You can see how easy it would be to focus on the problem part of these situations and become trapped in a cycle of feeling sad, anxious, and upset. In all of these cases, the individual has no control over the behavior of the other person and may feel unable to find a reasonable solution. But the real answer is in trying to figure out what you can control and taking action in that area, rather than ruminating about what someone else did to you.
Here are some things to consider:
* Problem-solving is closed-ended, rather than a continuous stream of thoughts. Julie can consider thinking about how she will deal with her daughter’s behavior today… by ignoring it, by imposing consequences, or by talking to the school guidance counselor. Any of those is more helpful than thinking about a destroyed college career that has not yet happened.
* Problem-solving is sequential and organized. When we are upset, our thinking is often random and disorganized. When we try to solve a problem, our thinking is an orderly progression of steps. In the example above, Samantha can think in advance about her husband’s tardy behavior, and select some steps that may help: talking to him in advance, telling him an earlier time to be there, warning friends and suggesting they order appetizers. In each instance, she can consider the likelihood of her idea working and how her husband will react.
* Problem-solving is solution-oriented and focuses on possible outcomes instead of on the cause of the situation. Norene may be worried that her friend no longer likes her, or that the other girls are encouraging her friend to exclude her. If she tries to think of solutions (perhaps with the help of her mom or a teacher) she may decide to play with someone else, or talk to her friend and let her know that her feelings are hurt.
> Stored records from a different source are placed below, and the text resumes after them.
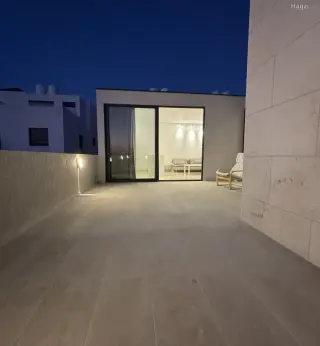 الصورة 7 من 10
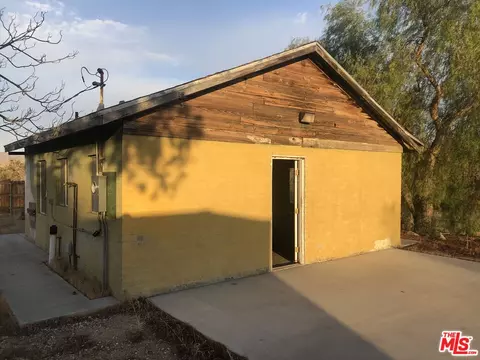 50991 Canyon Rd, Morongo Valley, CA 92256 photo 17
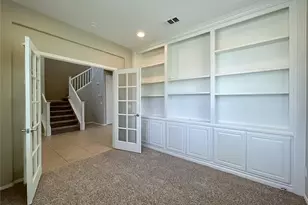 41926 Bonita, Palmdale, CA 93551 - Photo 41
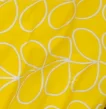 as picture pattern 1 шт., милая подушка в форме облаков, хлопковая модная детская подушка, креативное украшение для детей, плюс детские постельные принадлежности, подушки - Цвет: as picture pattern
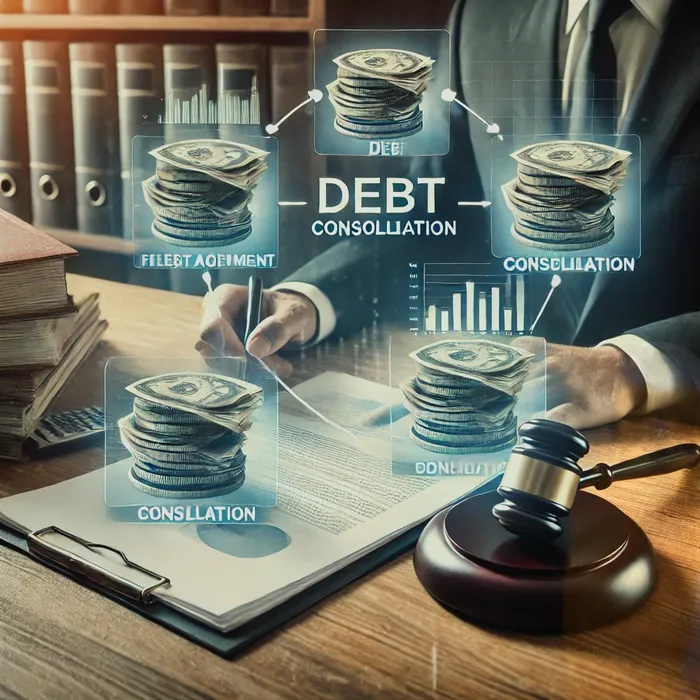 개인회생 성공 사례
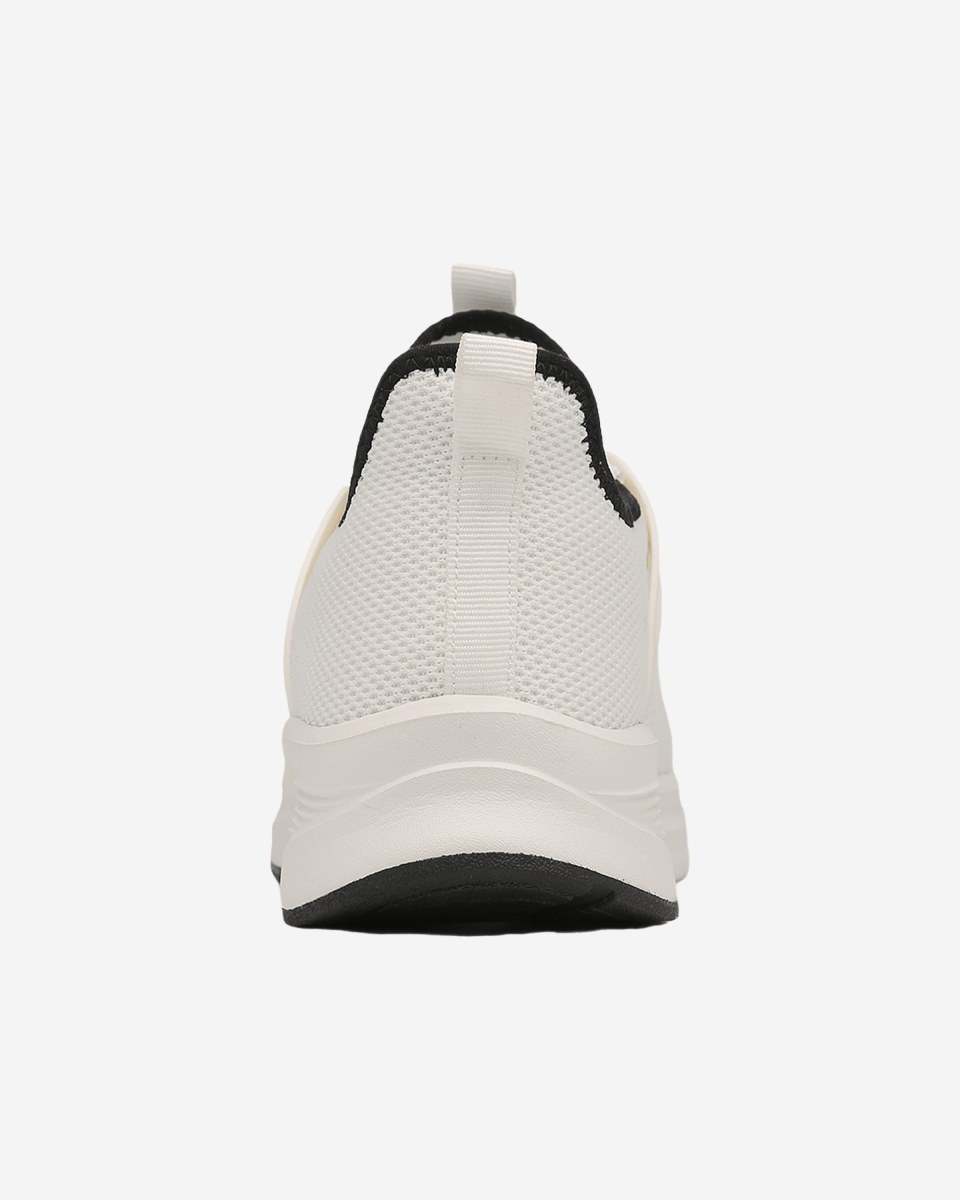 G WEST MENS CROWN ATHLETIC SHOES - G West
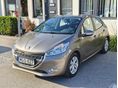 PEUGEOT 208 2012/12 - 4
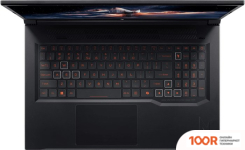 Ноутбук Acer NITRO V 17 AI ANV17-41-R0P2 NH.QYVCD.006 (412080)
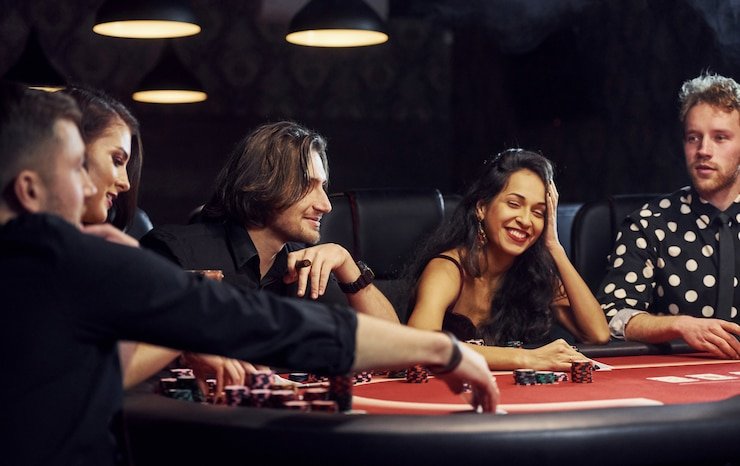 teenpatti lucky lobby snapshot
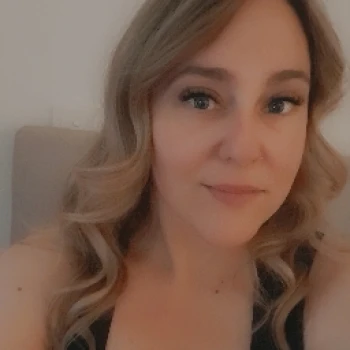 Kkiimmyy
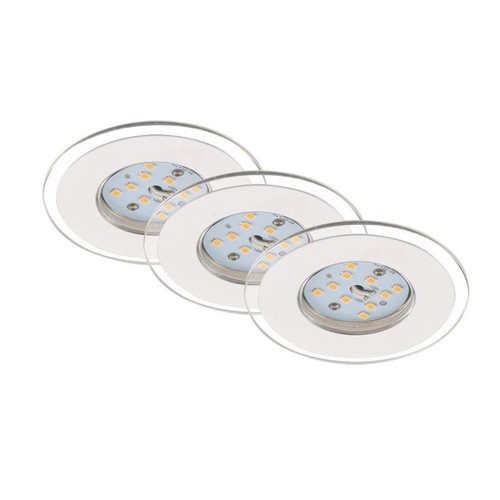 Briloner led einbauleuchten - led,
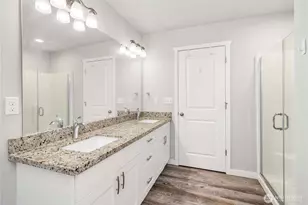 41314 111th Ave Ct E, Eatonville, WA 98328 - Photo 29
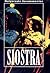 Siostra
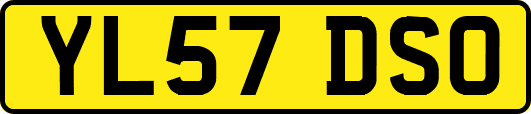 YL57DSO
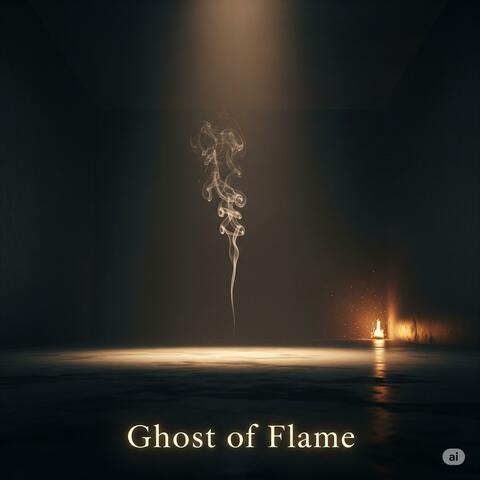 Ghost of Flame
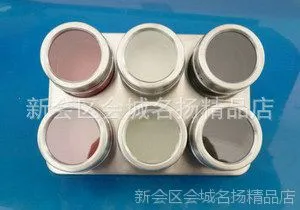 ��Ӧ����ֵ�ζ�� 6���׵�ζ�� ��ζ����װ ������ζ�Ϻ�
* Problem-solving reduces stress. In all of the cases above, a problem-solving approach will lower stress, and make a person feel less sad and anxious, whereas focusing on the problem or cause of the situation is likely to continue to increase stress.
* Problem-solving improves our sense of self. When we problem-solve, we feel more positive about ourselves and recognize that we are being more resourceful. When we focus on the cause or the triggers, we feel helpless and ineffective, giving us a negative view of ourselves.
Problem-focused thinking is a frequent source of stress. Focusing on what you can control, and how you can change things, is a more appropriate coping mechanism and improves your sense of personal effectiveness. Learning to problem solve is much easier, once you have developed the cognitive behavioral techniques to identify your thoughts, label your emotions, and recognize how the stress is affecting your daily life.